JOACHIM SCHILD Der Wahlsieg Macrons bietet große Chancen für Frankreich. Er hat das Mandat, Wirtschaftsreformen durchzuführen, die das Land dringend benötigt, wenn es seine internationale Wettbewerbsfähigkeit wiederherstellen, die Arbeitslosigkeit senken und seinen Staatshaushalt in Ordnung bringen will. Es ist ihm zu wünschen, dass er den tiefen Zukunftspessimismus, der sich wie Mehltau über Frankreich gelegt hat, erfolgreich bekämpfen und dem Land den Glauben an sich selbst und seine vielfältigen Potenziale zurückgeben kann.
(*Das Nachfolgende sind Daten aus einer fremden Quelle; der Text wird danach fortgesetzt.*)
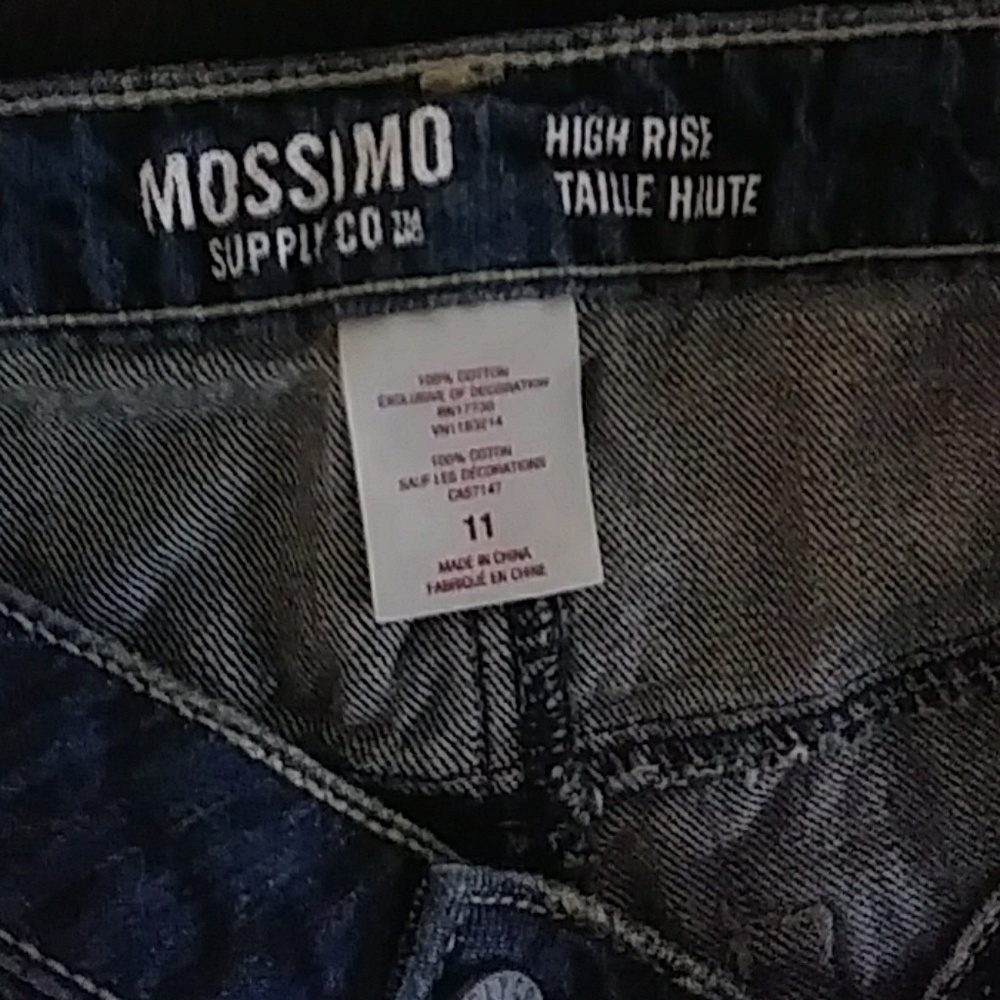 Shorts - Picture 2 of 4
Was sagt der Sieg über den gesellschaftlichen und politischen Zustand Frankreichs aus?
SCHILD Der Wahlsieg eines Politikers, den vor drei Jahren niemand kannte, der nie zuvor in ein Amt gewählt wurde und keine Parteibasis hat, ist Ausdruck einer ausgeprägten Repräsentationskrise und des tiefen Misskredits der politischen Elite Frankreichs. Dies hat auch mit Scheitern seiner Vorgänger zu tun, die kein Rezept gegen die anhaltend hohe Massenarbeitslosigkeit, die Deindustrialisierung des Landes und die Integrationsprobleme von eingewanderten Minderheiten gefunden haben.
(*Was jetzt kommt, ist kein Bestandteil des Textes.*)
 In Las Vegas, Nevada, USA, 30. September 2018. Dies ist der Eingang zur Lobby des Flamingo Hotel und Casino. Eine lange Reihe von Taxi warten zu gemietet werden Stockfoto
Glauben Sie, dass es Macron gelingt, das Volk wieder stärker zu einen?
SCHILD Der Wahlkampf hat die tiefen politischen, sozialen und kulturellen Spaltungen des Landes offengelegt und zugleich auch verstärkt. Macron kann diese Spaltungen reduzieren, wenn er sein liberales wirtschaftliches Reformprogramm gegen erhebliche Widerstände durchsetzen kann.
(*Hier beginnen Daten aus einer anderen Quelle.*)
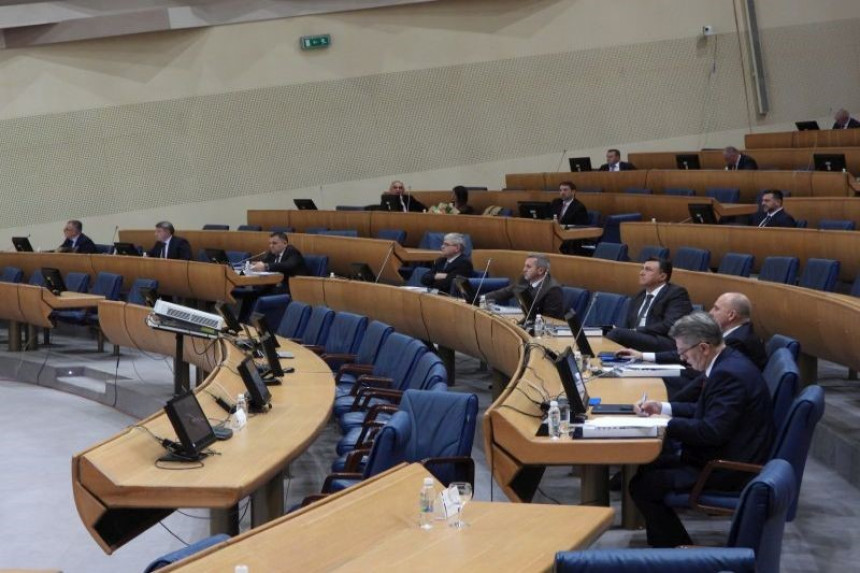 Parlament donosi rezoluciju: Savjet ministara da zaštiti žene od nasilnika?!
Wie wird sich unter Macron das deutsch-französische Verhältnis entwickeln?
SCHILD Er hat klargemacht, dass für ihn die deutsch-französische Sonderbeziehung zentrale Bedeutung in der Europapolitik hat. Wir werden deutsch-französische Initiativen sehen, etwa auf dem Feld der europäischen Verteidigungs- und Sicherheitspolitik. Wichtig für ein gedeihliches deutsch-französisches Verhältnis ist es, dass es Macron durch erfolgreiche Wirtschaftsreformen gelingt, das gewachsene Machtgefälle zu Deutschland zu verringern und mit Berlin auf Augenhöhe zu verhandeln. Für Berlin ist Macron eindeutig der Wunschpartner.

Glauben Sie, dass der Sieg Macrons Auswirkungen auf die Zusammenarbeit in der Großregion hat?
SCHILD Der Sieg Macrons bewahrt uns vor verschärften Grenzkontrollen und der Aufkündigung des Schengener Abkommens zur Abschaffung der Grenzkontrollen zwischen den Teilnehmerstaaten. Die Niederlage des Nationalismus in Gestalt Marine Le Pens ist eine gute Nachricht für Einwohner der Großregion.

Macron ist ja eher atomfreundlich eingestellt. Das dürfte wenig Hoffnung auf einen Ausstieg Frankreichs aus der Atomenergie machen, oder?
SCHILD Einen Ausstieg aus der Atomenergie wird es mit Macron nicht geben, er hat sich als Wirtschaftsminister für den Neubau von Atomkraftwerken eingesetzt. Aber er will den Anteil der Atomenergie an der Stromproduktion mittelfristig auf 50 Prozent reduzieren - von heute fast 80 Prozent. Was dies für das AKW in Cattenom bedeutet, ist derzeit noch unklar.

Gerade in Grenzregionen hat Marine Le Pen ja überdurchschnittlich abgeschnitten. Woran liegt das?
SCHILD Dies hat weniger mit der Lage an der Grenze zu tun, sondern damit, dass die Grenzregionen im Norden und Osten des Landes, in denen Le Pen erfolgreich ist, besonders stark von wirtschaftlichem Strukturwandel betroffen sind, dem Niedergang von Kohle und Stahl. Diese Regionen und ihre Einwohner fühlen sich wirtschaftlich abgehängt und vergessen. Zukunftspessimismus prägt die Stimmung. Dies macht die Menschen anfällig für Politiker, die einfache politische Lösungen versprechen.